(Input for this task):
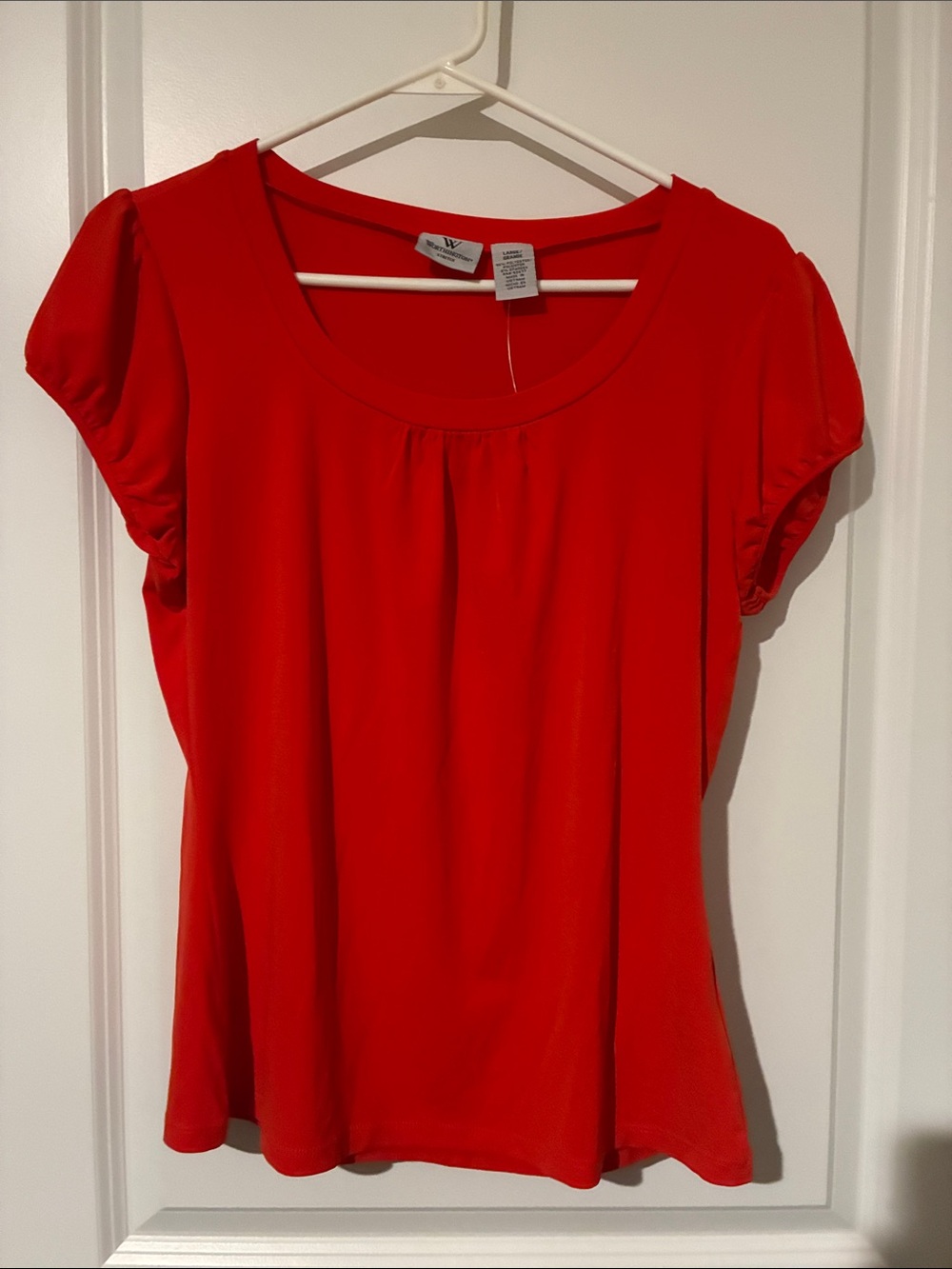 Worthington Vibrant Fiery, Red Scoop Neck Puff Sleeve Tee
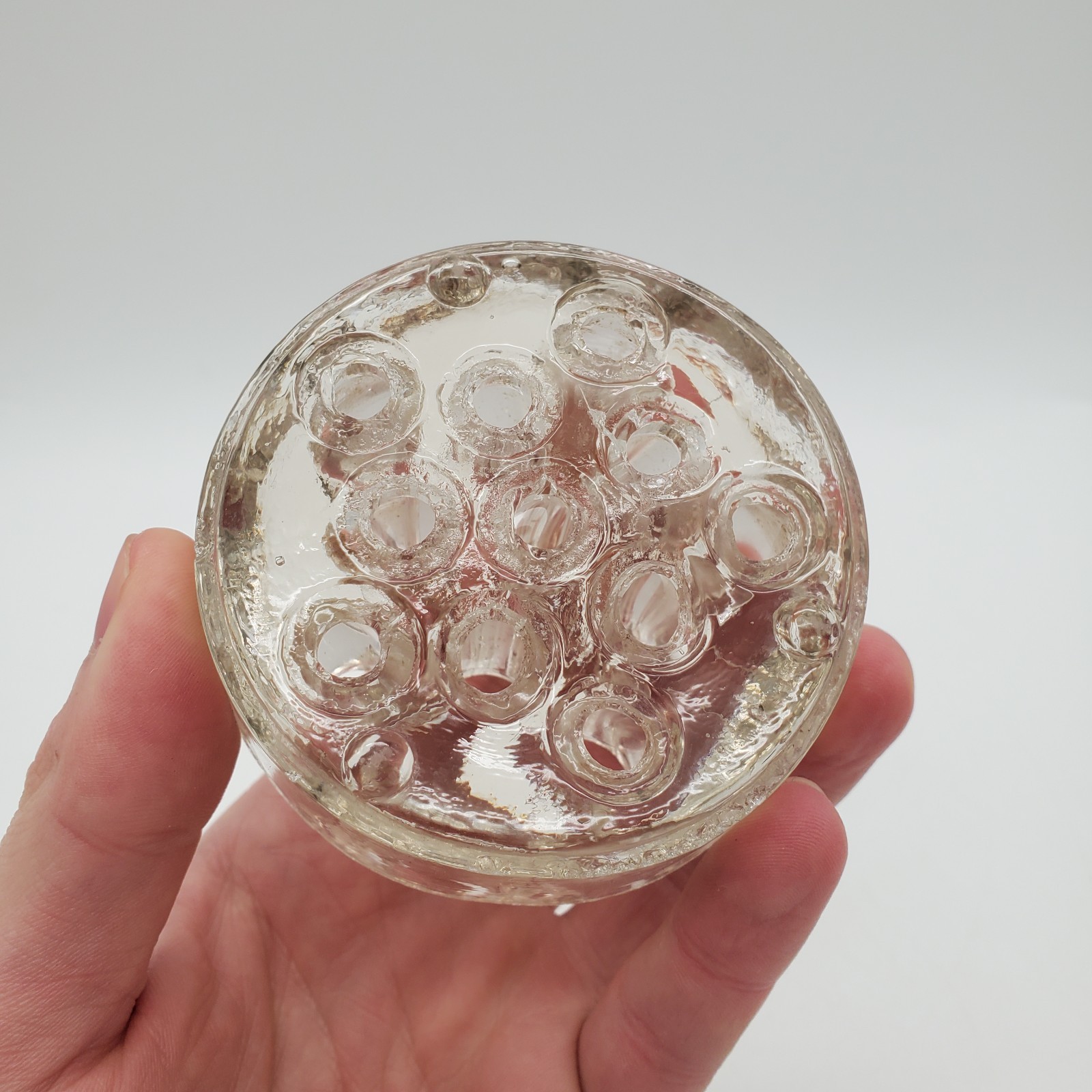 Vintagey Glass Flower Frog 11 Hole domed Floral Arrangement Stem Holder 3 In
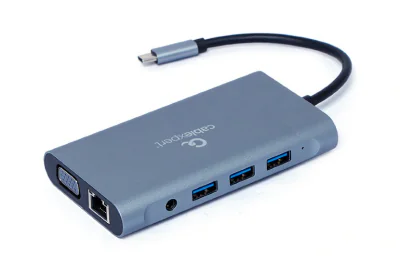 GEMBIRD A-CM-COMBO7-01 Multi Port Adapter USB Type C Hub3.0 HDMI VGA PD card reader stereo audio space grey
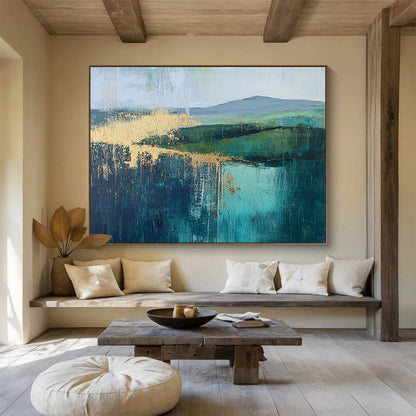 Green and Gold Landscape Art for Botanical - Themed Home & Luxury Spa SC315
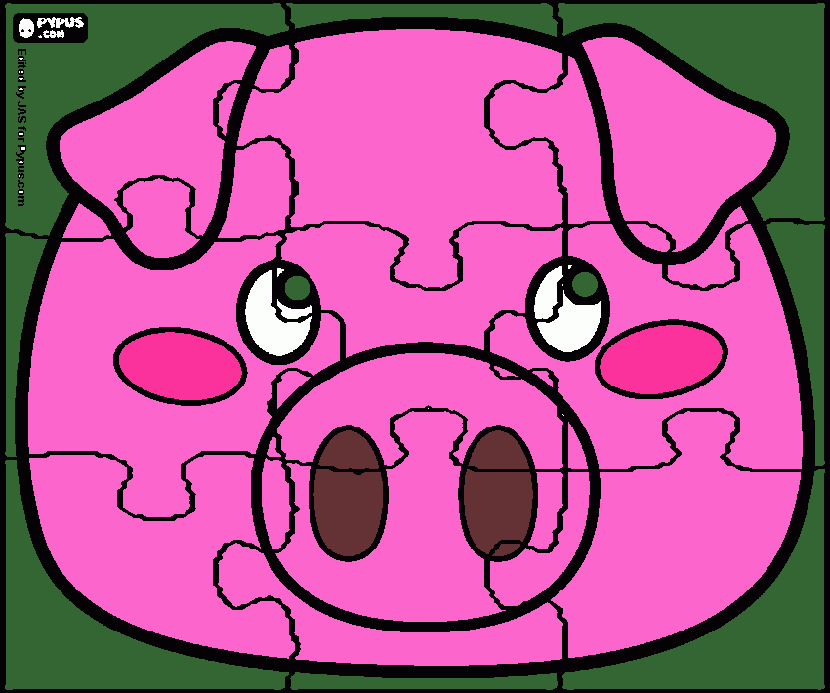 pig puzzle coloring page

(What you should do): Your reply should hold only the lines from the one that contains "Green and Gold" through the last line of the records above, exact and complete, and no pictures.

(Output below):
 Green and Gold Landscape Art for Botanical - Themed Home & Luxury Spa SC315
 pig puzzle coloring page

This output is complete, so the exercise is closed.